At Rosie’s Place, a shelter and service provider for poor and homeless women near Mass and Cass, the need for all their services is high, said director of communications Jamie Doyle. To stem the spread of COVID-19, Rosie’s Place expanded to three-week overnight stays for their 20 beds, limiting turnover.
“It’s just more critical than ever,” she said. “Throughout this pandemic, we have just spent our days helping women with the most basic and the most critical services.”
It’s not just overnight shelters: need during the day is up, too. Rosie’s Place has seen higher demand for meals and legal aid with evictions, along with day and overnight shelter.
Hurd worries about the city’s capacity to keep people warm and safe during the day.
“South Station is now under construction — people aren’t able to spend as much time there. Libraries have more limited capacity, or at least at this point in the delta variant,” she said. “The robust options need to be offered.”
Local advocates and officials alike point to the ultimate goal: getting people experiencing homelessness into more permanent housing.

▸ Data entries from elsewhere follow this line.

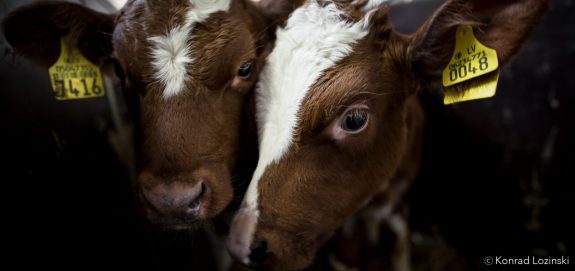 Fighting Canada’s Dangerous “Ag Gag” Laws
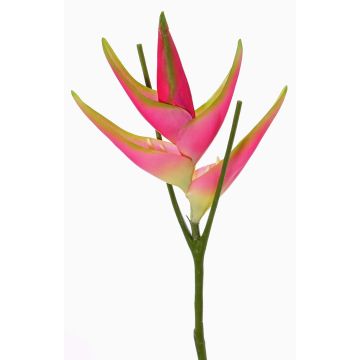 Konstgjord helikoni-blomma TOMKE, cerise-grön, 80cm, Ø18cm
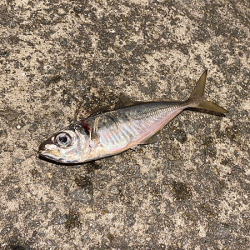 瀬戸内の島アジング(2020-13)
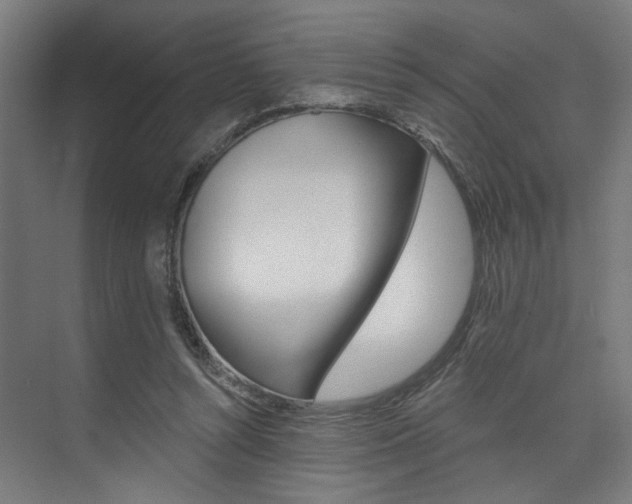 X0000074040352200608211208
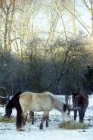 Picture of ponies in winter feeding on hay
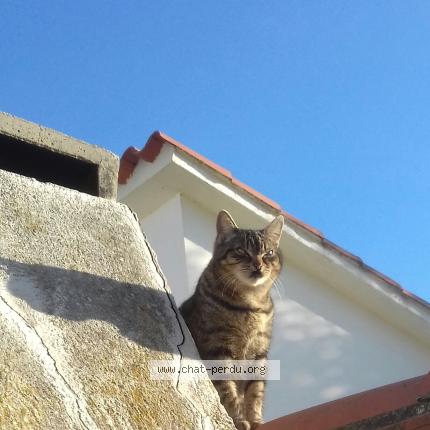 Foto 1/2 Divine Chat perdido en Alenya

By getting more people into long-term housing, Greene added, it also frees up shelter space for others. There are roughly 200 free beds out of the 950 total in Boston — not counting transitional housing or treatment beds — and the city is looking to offer more.
Hurd points to federal funds, such as from the American Rescue Plan, that could be used to ease access to housing.
“A huge gap is that we have these funds coming in,” Hurd said. “We need to be just pivoting away from warehousing people in shelters and towards what we know is the evidence-based and more compassionate and cost-effective means of addressing homelessness, which is housing.”
All these goals become more urgent in the face of low temperatures. Last year, Boston’s first snowstorm was just before Halloween.